La capital es uno de los territorios con mayor penetración de internet en el país, que apenas supera el 40%. El Gobierno ha colocado una veintena de puntos con ordenadores distribuidos por la ciudad para facilitar la participación. El acceso a internet en todo caso supone un fuerte sesgo en el perfil del participante. “Es un primer esfuerzo para poder incorporar a actores procedentes de la clase media o las universidades, que no estaban muy presentes en las estructuras representativas de la ciudad tan marcadas por las redes cooperativistas y clientelares”, sostiene el presidente de Transparencia Internacional México, Eduardo Bohórquez.

“No está claro en todo caso cómo van se van a incorporar las propuestas ciudadanas que lleguen a la mesa de trabajo. No sabemos cuáles son los criterios de elaboración que se van a seguir para la redacción del texto, ni si se van a hacer públicos los borradores del proyecto”, señala Casanueva. México ya tiene experiencia con esas variantes más abiertas, conocidas como wiki, que permitan una mayor intervención y seguimiento ciudadano. El ejemplo es la elaboración de la Política Nacional de datos abiertos, donde se podían comentar, editar y votar los borradores del texto legal a través de un dispositivo digital.
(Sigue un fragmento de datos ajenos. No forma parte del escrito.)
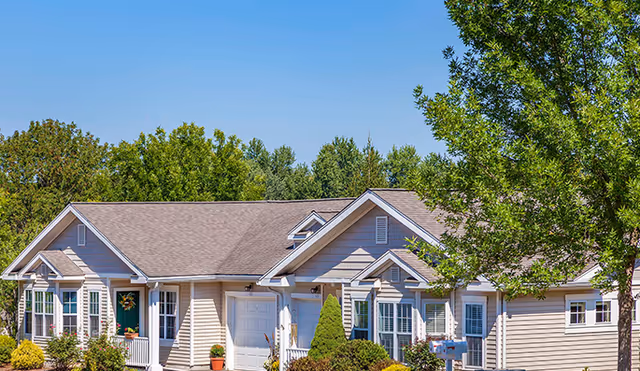 Exterior view of a single-story residential building with beige siding, white trim, and a brown shingled roof surrounded by green trees and shrubs under a clear blue sky.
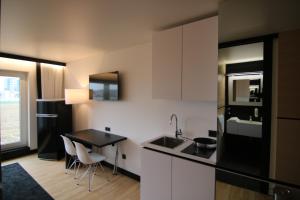 Kuchyň nebo kuchyňský kout v ubytování BG Hotel by WMM Hotels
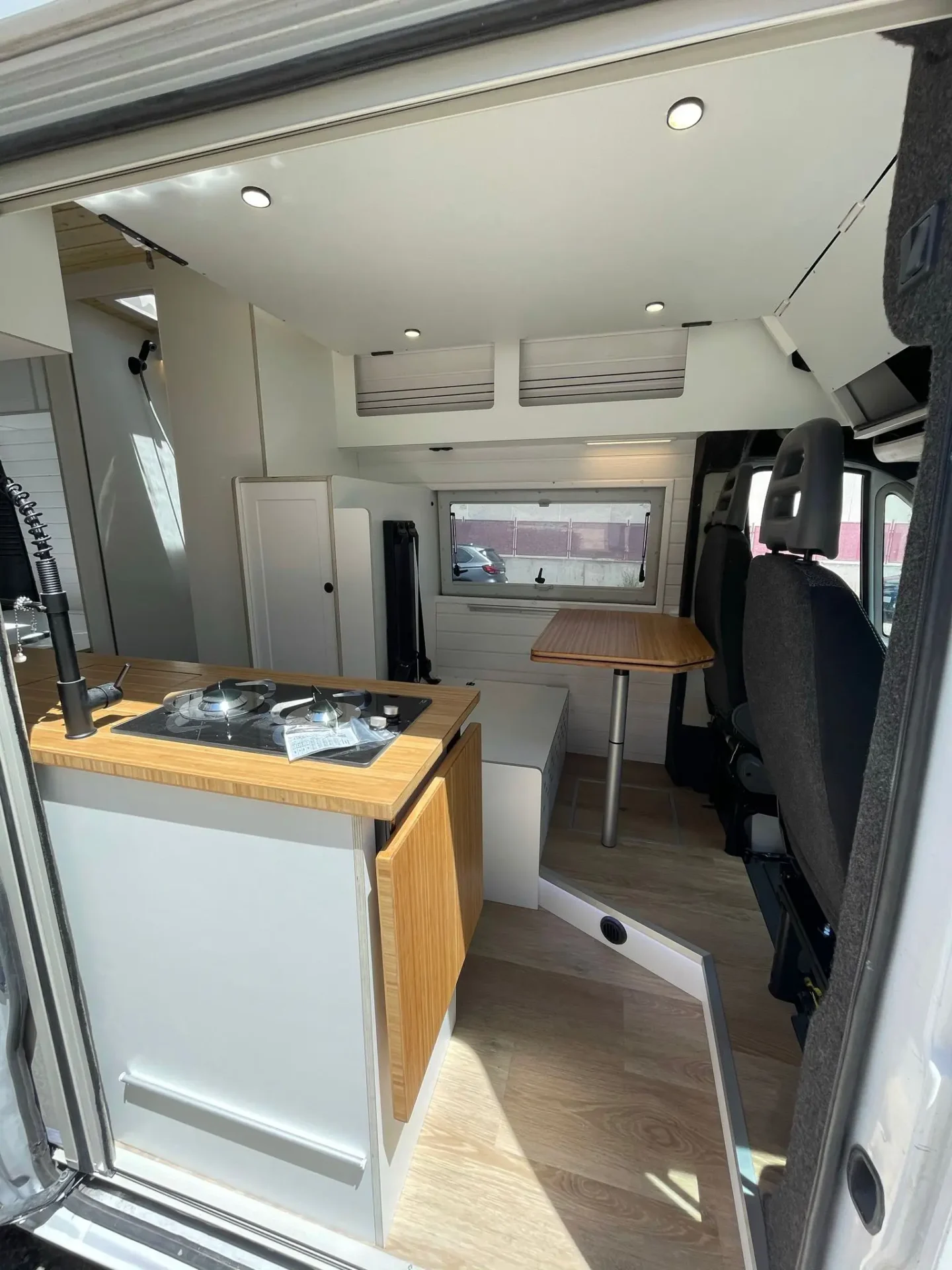 Vista interior de la Ducato L4H3 camperizada hacia la zona de conducción, cama abatible, techo con acabado de madera y amplio espacio de almacenamiento.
La tarea de redactar una primera versión ha sido encomendada a un consejo de sabios, formado por políticos, juristas, académicos, activistas y escritores. El texto, que previsiblemente estará marcado por el sesgo progresista que caracteriza a la capital mexicana, aún deberá ser aprobado por la Asamblea Constituyente que nacerá el 15 de septiembre. El diseño esta ágora ha sido polémica ya que de los 100 diputados que la conforman, solo 60 serán elegidos en las elecciones estatales del cinco 5 de junio. Los 40 restantes serán designados a dedo por el presidente Enrique Peña Nieto, el jefe de Gobierno Miguel Ángel Mancera, la Cámara de Diputados y Senadores.